### About this exercise
Could you retype the whole listing word for word and drop the images?

### Stored data
--------

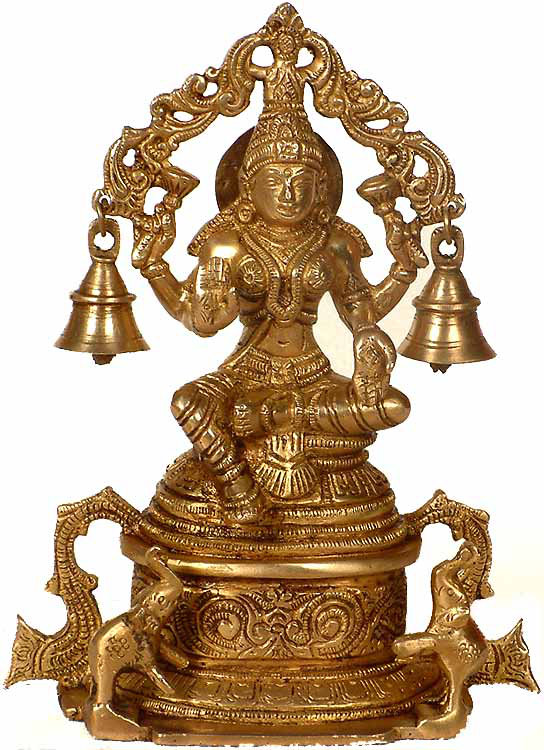 Déesse Lakshmi avec éléphants et clochettes
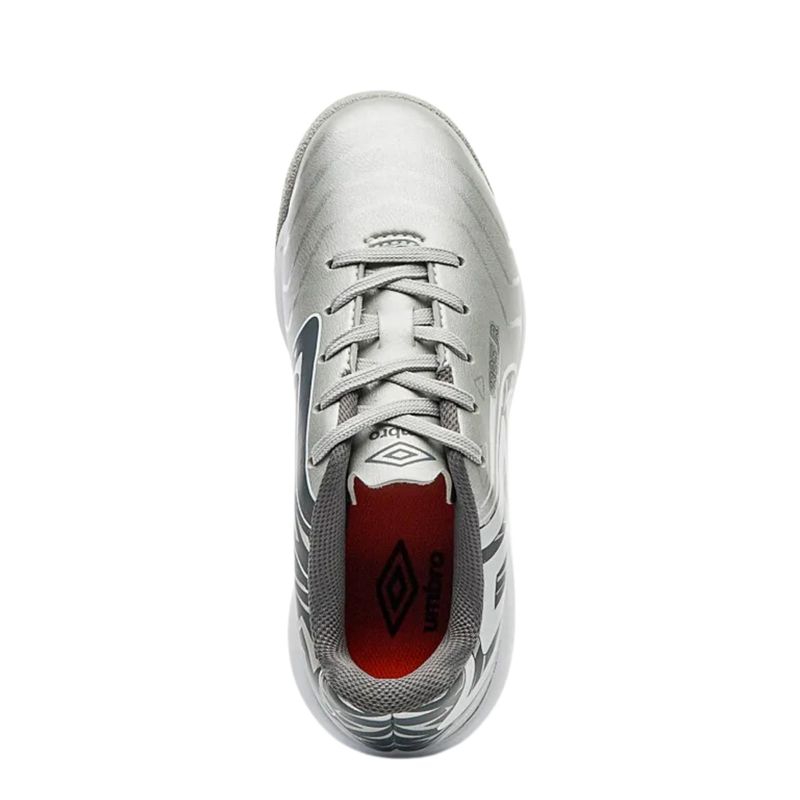 chuteira-futsal-umbro-pro-5-infantil-cinza-grafite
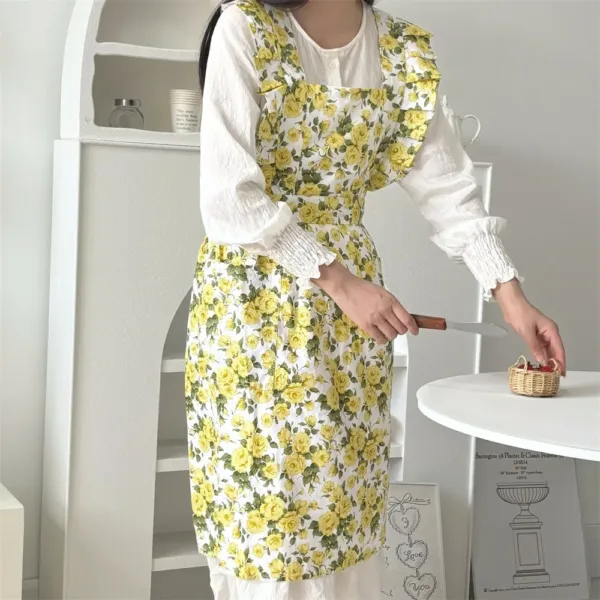 tablier à fleurs jaune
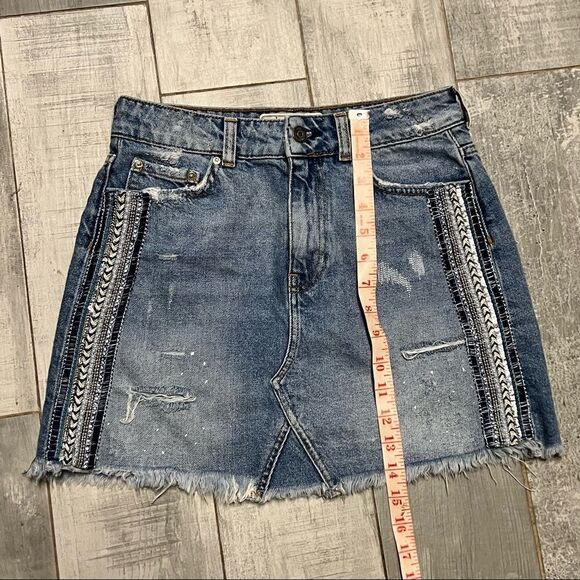 Free People Silver Pearl Crystal Side Stripe Embellished Denim Jean Mini Skirt 2 - Picture 6 of 8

--------

### Output below
 Déesse Lakshmi avec éléphants et clochettes
 chuteira-futsal-umbro-pro-5-infantil-cinza-grafite
 tablier à fleurs jaune
 Free People Silver Pearl Crystal Side Stripe Embellished Denim Jean Mini Skirt 2 - Picture 6 of 8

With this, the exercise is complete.